Records from a collection
....
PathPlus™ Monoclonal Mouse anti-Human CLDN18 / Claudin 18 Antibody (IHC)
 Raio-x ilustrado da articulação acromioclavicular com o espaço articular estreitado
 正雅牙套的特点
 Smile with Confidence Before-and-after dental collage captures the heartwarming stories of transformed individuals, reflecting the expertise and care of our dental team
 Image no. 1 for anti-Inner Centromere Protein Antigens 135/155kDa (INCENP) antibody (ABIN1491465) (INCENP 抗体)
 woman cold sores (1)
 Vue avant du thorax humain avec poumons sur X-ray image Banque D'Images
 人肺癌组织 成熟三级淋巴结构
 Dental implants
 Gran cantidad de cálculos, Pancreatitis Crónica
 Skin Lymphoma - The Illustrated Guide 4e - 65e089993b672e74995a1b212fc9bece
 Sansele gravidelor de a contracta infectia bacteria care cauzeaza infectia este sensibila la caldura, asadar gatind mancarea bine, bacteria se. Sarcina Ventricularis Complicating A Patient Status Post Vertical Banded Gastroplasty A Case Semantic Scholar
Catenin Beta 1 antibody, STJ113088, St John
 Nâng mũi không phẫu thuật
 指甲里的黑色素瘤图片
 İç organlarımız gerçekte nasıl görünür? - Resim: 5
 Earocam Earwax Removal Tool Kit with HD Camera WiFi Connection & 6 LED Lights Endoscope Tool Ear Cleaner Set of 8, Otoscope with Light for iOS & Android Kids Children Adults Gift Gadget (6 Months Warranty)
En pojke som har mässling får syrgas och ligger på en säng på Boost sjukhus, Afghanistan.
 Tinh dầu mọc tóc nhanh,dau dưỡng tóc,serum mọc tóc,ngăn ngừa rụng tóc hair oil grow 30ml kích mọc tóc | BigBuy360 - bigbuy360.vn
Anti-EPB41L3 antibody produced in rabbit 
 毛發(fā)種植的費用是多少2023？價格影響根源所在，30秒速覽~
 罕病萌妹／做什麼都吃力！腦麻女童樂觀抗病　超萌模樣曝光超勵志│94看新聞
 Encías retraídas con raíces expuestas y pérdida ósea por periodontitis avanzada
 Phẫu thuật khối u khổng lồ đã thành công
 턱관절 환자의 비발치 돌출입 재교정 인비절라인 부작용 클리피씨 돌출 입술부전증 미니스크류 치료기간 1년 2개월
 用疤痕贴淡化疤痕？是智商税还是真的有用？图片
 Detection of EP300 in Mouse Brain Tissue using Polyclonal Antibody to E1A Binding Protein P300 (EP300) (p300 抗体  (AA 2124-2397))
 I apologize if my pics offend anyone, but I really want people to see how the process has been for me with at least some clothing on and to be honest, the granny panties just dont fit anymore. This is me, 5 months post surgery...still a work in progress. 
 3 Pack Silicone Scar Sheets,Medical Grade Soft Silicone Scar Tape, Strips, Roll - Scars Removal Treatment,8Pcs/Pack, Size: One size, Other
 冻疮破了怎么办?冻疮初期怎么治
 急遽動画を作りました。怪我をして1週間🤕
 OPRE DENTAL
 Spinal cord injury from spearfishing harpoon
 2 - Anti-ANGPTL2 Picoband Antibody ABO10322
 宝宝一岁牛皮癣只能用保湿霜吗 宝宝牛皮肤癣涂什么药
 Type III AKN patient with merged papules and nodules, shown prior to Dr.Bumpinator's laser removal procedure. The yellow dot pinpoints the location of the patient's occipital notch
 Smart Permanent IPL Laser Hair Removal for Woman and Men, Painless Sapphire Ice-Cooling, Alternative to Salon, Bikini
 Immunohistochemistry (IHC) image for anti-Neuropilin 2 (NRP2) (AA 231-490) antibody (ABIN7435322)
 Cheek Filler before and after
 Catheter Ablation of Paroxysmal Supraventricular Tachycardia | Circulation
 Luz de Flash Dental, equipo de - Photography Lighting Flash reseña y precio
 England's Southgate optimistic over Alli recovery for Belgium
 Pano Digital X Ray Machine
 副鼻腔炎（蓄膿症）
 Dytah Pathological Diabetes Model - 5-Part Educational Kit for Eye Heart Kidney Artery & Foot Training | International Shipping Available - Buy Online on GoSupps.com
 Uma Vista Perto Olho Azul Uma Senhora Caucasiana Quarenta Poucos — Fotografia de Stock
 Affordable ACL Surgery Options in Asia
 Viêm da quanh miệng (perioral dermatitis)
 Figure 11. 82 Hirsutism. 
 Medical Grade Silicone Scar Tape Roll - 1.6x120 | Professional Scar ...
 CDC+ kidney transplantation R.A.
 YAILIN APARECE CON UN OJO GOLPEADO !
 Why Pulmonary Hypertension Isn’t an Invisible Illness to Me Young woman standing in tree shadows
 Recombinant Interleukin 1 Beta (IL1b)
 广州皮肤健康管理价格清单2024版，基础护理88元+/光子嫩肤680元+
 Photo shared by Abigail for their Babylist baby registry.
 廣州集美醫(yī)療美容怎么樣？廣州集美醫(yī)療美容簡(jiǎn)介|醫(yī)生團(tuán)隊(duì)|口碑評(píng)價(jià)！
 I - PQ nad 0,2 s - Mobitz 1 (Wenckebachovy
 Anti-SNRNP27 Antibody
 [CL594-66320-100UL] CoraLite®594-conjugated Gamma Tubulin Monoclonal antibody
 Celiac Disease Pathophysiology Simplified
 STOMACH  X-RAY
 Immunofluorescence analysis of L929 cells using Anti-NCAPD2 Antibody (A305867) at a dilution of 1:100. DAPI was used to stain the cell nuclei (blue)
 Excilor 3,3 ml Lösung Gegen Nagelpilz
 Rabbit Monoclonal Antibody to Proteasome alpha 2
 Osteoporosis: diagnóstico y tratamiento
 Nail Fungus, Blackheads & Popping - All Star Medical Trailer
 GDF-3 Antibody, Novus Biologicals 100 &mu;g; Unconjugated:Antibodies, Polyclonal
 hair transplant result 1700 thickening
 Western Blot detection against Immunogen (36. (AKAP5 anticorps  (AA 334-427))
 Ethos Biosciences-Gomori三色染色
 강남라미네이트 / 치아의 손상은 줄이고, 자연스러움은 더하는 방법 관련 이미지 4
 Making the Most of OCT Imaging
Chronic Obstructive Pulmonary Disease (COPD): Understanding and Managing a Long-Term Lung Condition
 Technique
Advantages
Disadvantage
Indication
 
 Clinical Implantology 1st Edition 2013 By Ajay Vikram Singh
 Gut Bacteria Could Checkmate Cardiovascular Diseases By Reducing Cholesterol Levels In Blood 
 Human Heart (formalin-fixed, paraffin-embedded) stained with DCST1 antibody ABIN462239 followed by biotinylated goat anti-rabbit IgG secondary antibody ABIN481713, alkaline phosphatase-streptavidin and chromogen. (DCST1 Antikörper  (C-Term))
....
Exercise aim: Copy each line above where the string "Medical" occurs.

Reply to the exercise:
 3 Pack Silicone Scar Sheets,Medical Grade Soft Silicone Scar Tape, Strips, Roll - Scars Removal Treatment,8Pcs/Pack, Size: One size, Other
 Medical Grade Silicone Scar Tape Roll - 1.6x120 | Professional Scar ...
 Nail Fungus, Blackheads & Popping - All Star Medical Trailer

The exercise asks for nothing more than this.